■ Die Anderen: Zu den Verhandlungen über die Aufnahme in die EU bemerkt "Le Figaro" / Zur Krise in Rußland schreibt "La Repubblica" / Die "New York Times" kommentiert die Situation im Irak, wo UN-Experten die präsidialen Anlagen untersuchen
Zu den jetzt beginnenden Verhandlungen über die Aufnahme neuer Staaten in die Europäische Union bemerkt „Le Figaro“ skeptisch: Freiheit, Friede und Wohlstand stehen auf der Liste der Verhandlungen, die lang und schwierig sein dürften. Die EU riskiert, daß sich dabei ihre Identität ändert und daß sie an Wirksamkeit in dem Maße verliert, wie sie sich geographisch ausweitet. Die Erweiterung, so bedauert ein Botschafter, der anonym bleiben will, „wird die Totenglocke des Europa schlagen, von dem wir träumen“. Aber der Eiserne Vorhang ist gefallen, und es steht außer Frage, den Bewerberländern den Beitritt zur wiedervereinigten europäischen Familie zu verweigern.
Zur Krise in Rußland schreibt die „La Repubblica“ aus Rom: Der Kreml gibt zu, daß er von der Entscheidung Wiktor Tschernomyrdins, bei den Präsidentenwahlen im Jahr 2000 zu kandidieren, „in bestimmter Weise überrascht“ worden war. War doch Tschernomyrdin fünf Jahre lang Jelzins treuer Befehlsüberbringer an der Spitze der Regierung. Dies beweist aber, daß der unerwartete Schritt des Ex-Premiers nicht Teil einer mit dem Präsidenten abgestimmte Politik ist. Das Spiel der Zweideutigkeiten geht also weiter. Eine Krise ohne Regeln, die jeden Tag eine Überraschung parat hat, eine Improvisation, die wiederum eine weitere nach sich zieht, eine unaufhaltsame Verkettung.

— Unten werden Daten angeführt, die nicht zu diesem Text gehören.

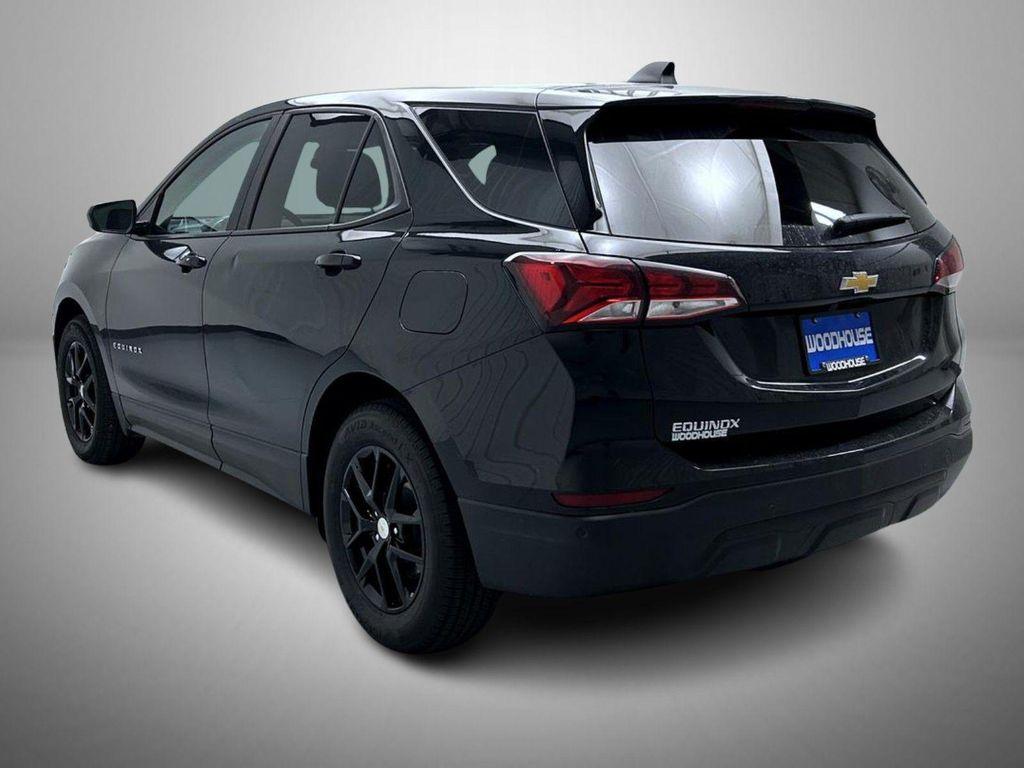 used 2024 Chevrolet Equinox car, priced at $20,988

Die „New York Times“ kommentiert die Situation im Irak, wo UN-Experten die präsidialen Anlagen von Saddam untersuchen: Die neuen Arrangements für die Inspektion der irakischen Präsidentenpaläste funktionieren relativ gut. Aber diese ersten Besuche, auf die der Irak sich lange vorbereiten konnte, sind nicht der wirkliche Test für die Einigung, die UN-Generalsekretär Kofi Annan ausgehandelt hat. Dieser Test wird anstehen, wenn die UN-Inspekteure später zu überraschenden Folgeuntersuchungen in die Anlagen zurückkommen. Derzeit dokumentieren die Inspekteure Dimensionen und Grundriß der präsidialen Anlagen und markieren Räume, in denen Waffen oder Dokumente versteckt sein könnten. Ein Grund für die kooperative Haltung Iraks könnte sein, daß Bagdad wochenlang Zeit hatte, verdächtige Dinge wegzuschaffen. UN-Inspekteure haben die Theorie aufgestellt, daß die Paläste als vorübergehende Verstecke für Verdächtiges genutzt wurden, das die Inspekteure anderswo bald gefunden hätten.
Wenn sich dieses Muster wiederholt, könnten zukünftige Untersuchungen in den Präsidialanlagen neue Konfrontationen zur Folge haben. So wird es noch dauern, bis die UN-Inspekteure alle illegalen Waffen und Bestandteile aufgespürt und zerstört und ein verläßliches Überwachungssystem installiert haben. Und erst dann kann die UNO ernsthaft ein Ende der Sanktionen gegen Irak in Betracht ziehen.